Who here has ever been in a job interview when the employer asked you this question: "What is your greatest weakness?"

I certainly have.  And I remember thinking it was the most useless question to ask of a potential employee.  No one is going to answer honestly with something like, "I procrastinate too much," or "I avoid group projects like the plague."

Instead, applicants are advised to reply with some bad-is-really-good response like, "I am a perfectionist and need to have every last detail in place."  Do you a) think your future boss hasn't heard that one before, and b) want a pat on the back and a cookie?  Nothing like fishing for compliments before you're even on the payroll.

So, let's pretend I'm back in a job interview and you've just asked me to share my greatest weakness.  And let's pretend that I'd actually give an honest answer.  Impatience. 

I have the patience (or lack thereof) of a four year old child whose been promised a trip to Dairy Queen.  It's sad but so very true.

I am notorious for wanting to give birthday gifts early because I can't wait to see friends' reactions.  I use a magazine to cover the timer on treadmills at the gym because I want to be finished... five minutes ago  And I always open the oven way too soon when I'm baking cookies because maybe, just maybe, my oven is magical and turned the dough into yummy golden treats in only five minutes.

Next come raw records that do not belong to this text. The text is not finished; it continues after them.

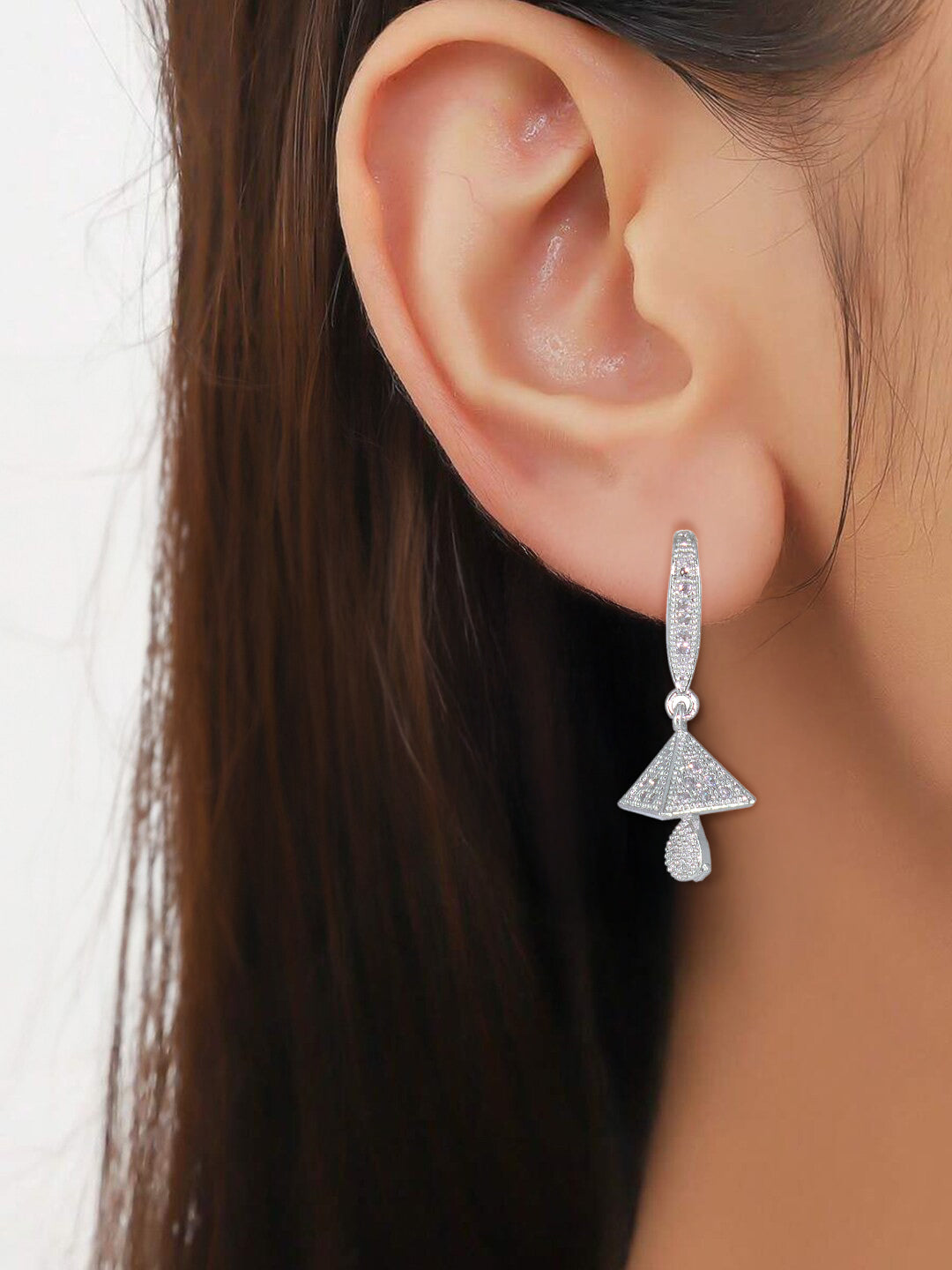 Silver Plated American Diamond Small Tringle Shaped Drop Jhumka Earrings
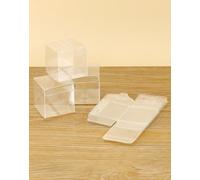 QWORK® 100 pièces boîtes à faveur transparentes, boîtes cubiques en plastique transparentes, coffrets cadeaux, pour bonbons, bijoux et jouets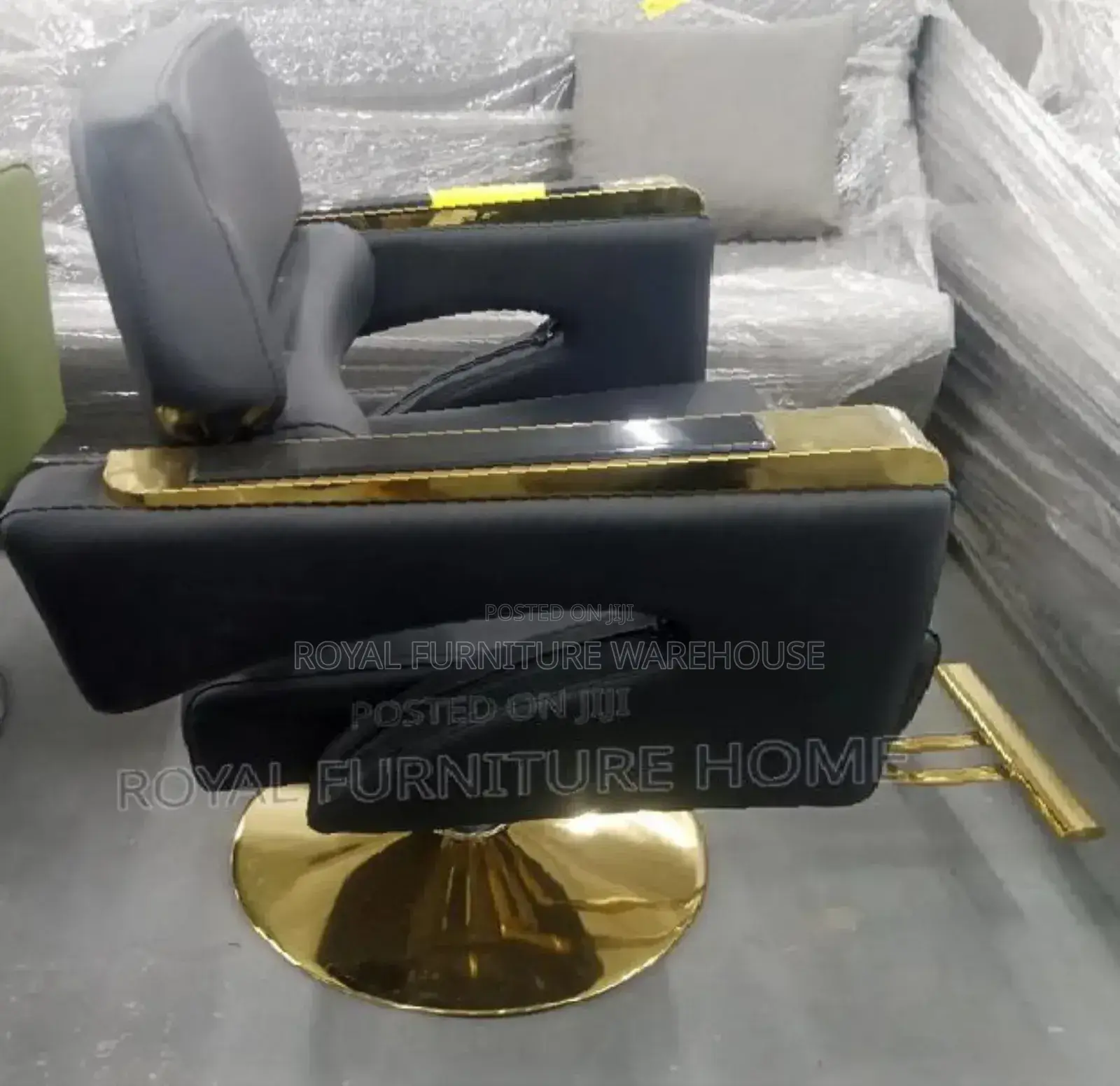 Quality Gold and Black Salon Chair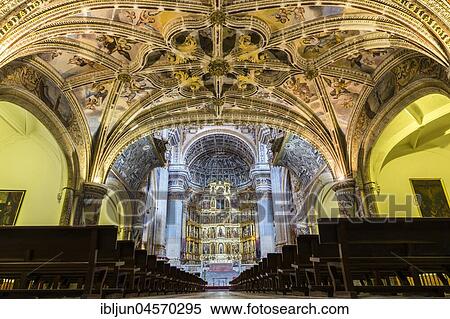 Stock Photography - Main nave, high altar, Renaissance, Monasterio de San Jerónimo, Granada, Andalusia, Spain, Europe. Fotosearch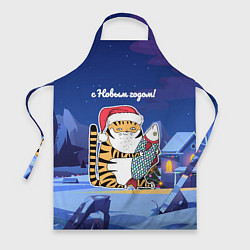Фартук кулинарный Тигр с огромной рыбой, цвет: 3D-принт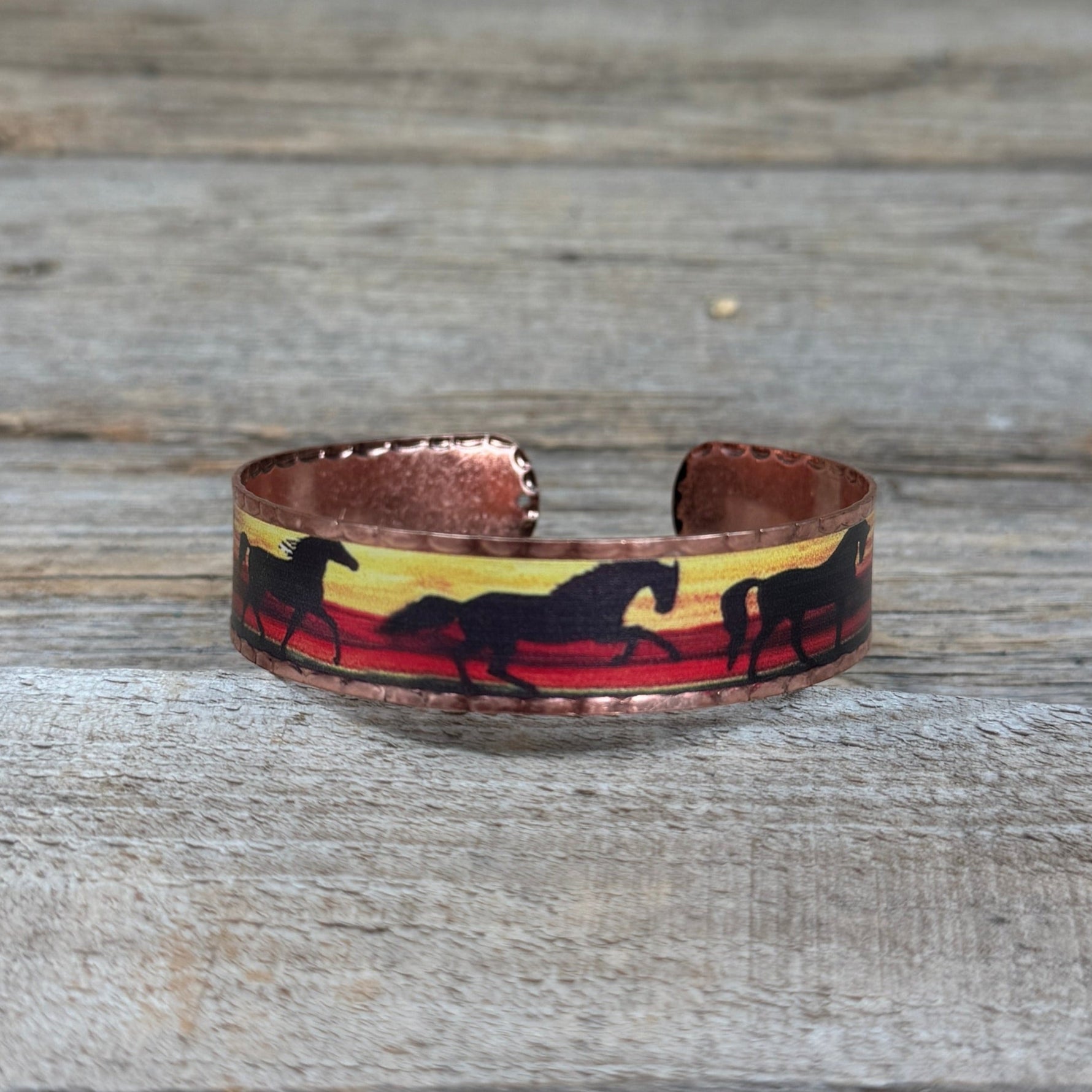 Western Sunset Copper Rustic Fashion Cuff Bracelet
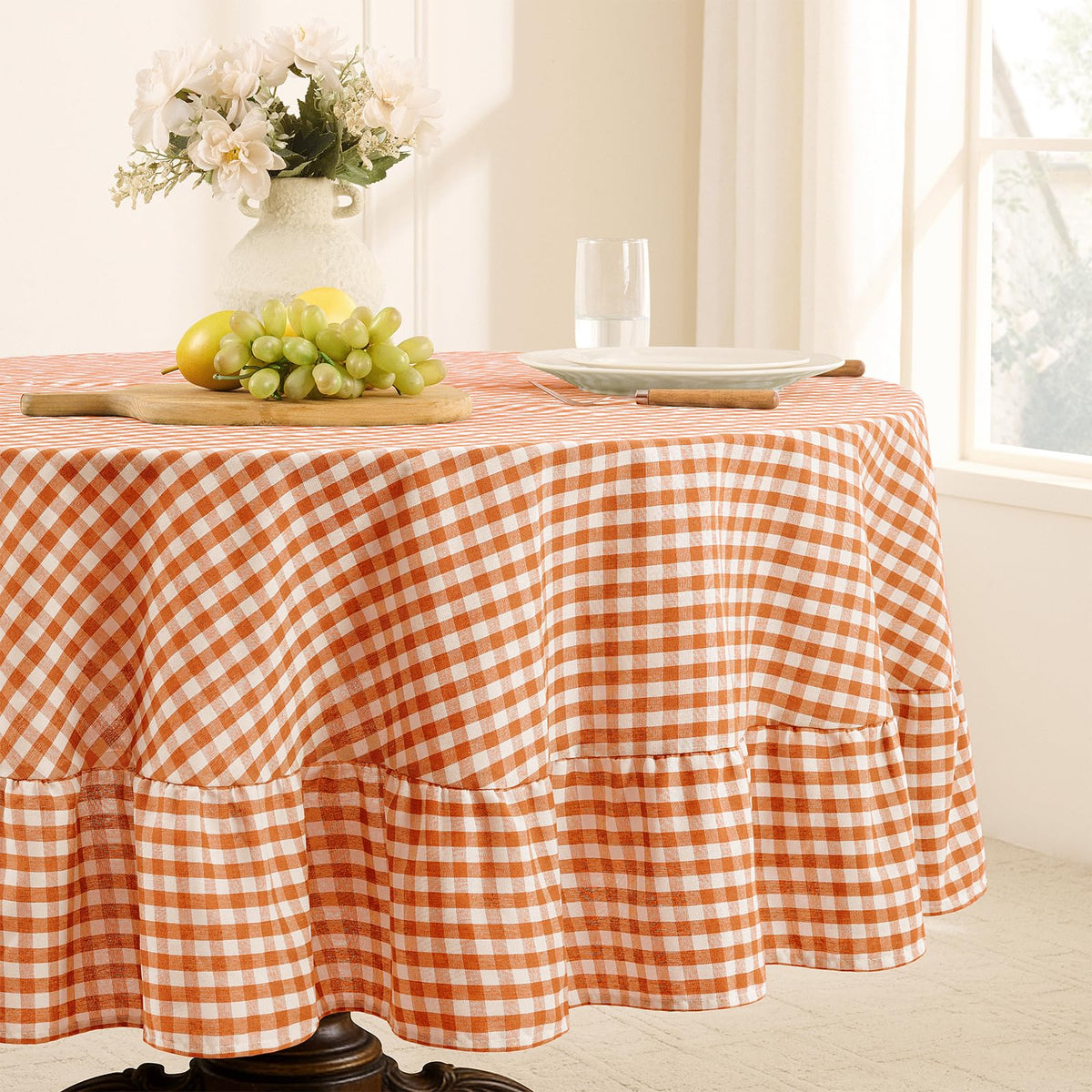 Romanstile Gingham Ruffled Tablecloth Rectangle, 60 x 84 Inch, Sage Green | Waterproof Checkered Table Cloth, Polyester-cotton, Farmhouse Plaid Table Cover for Outdoor, Picnic, Camping, Party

I would even go as far to say that my love for planning stems from my impatience and wanting to enjoy/live things already.  Hurry up and get here!

But, I'm proud to say that I'm growing up!  I'm learning to temper my impatience and deal with it because that's what I hear adults do.  Like putting things out of sight so I'm not constantly reminded of them and how much I want to eat them.

Like these shrimp hanging out in a sweet and sour teriyaki marinade.  Thank goodness refrigerator doors aren't transparent or they never would've made it to the show.

The Oscars party, that is.

Before the nominations were even announced, I was (impatiently) banking on The Descendants getting a bid for Best Picture and thus giving me an excuse to make something tropical, summery, and Hawaiian.  And I couldn't think of anything more suitable than grilled shrimp and pineapple.

Marinated in a sweet and sour mixture of teriyaki sauce, minced onions and garlic, and pineapple juice, they caramelize and brown up beautifully on the grill grill pan (Griddler).  So delicious!

The skewers were very party friendly and a huge hit with everyone, even prompting an "I wish I liked shrimp because those look really good" sentiment from one sweet gal.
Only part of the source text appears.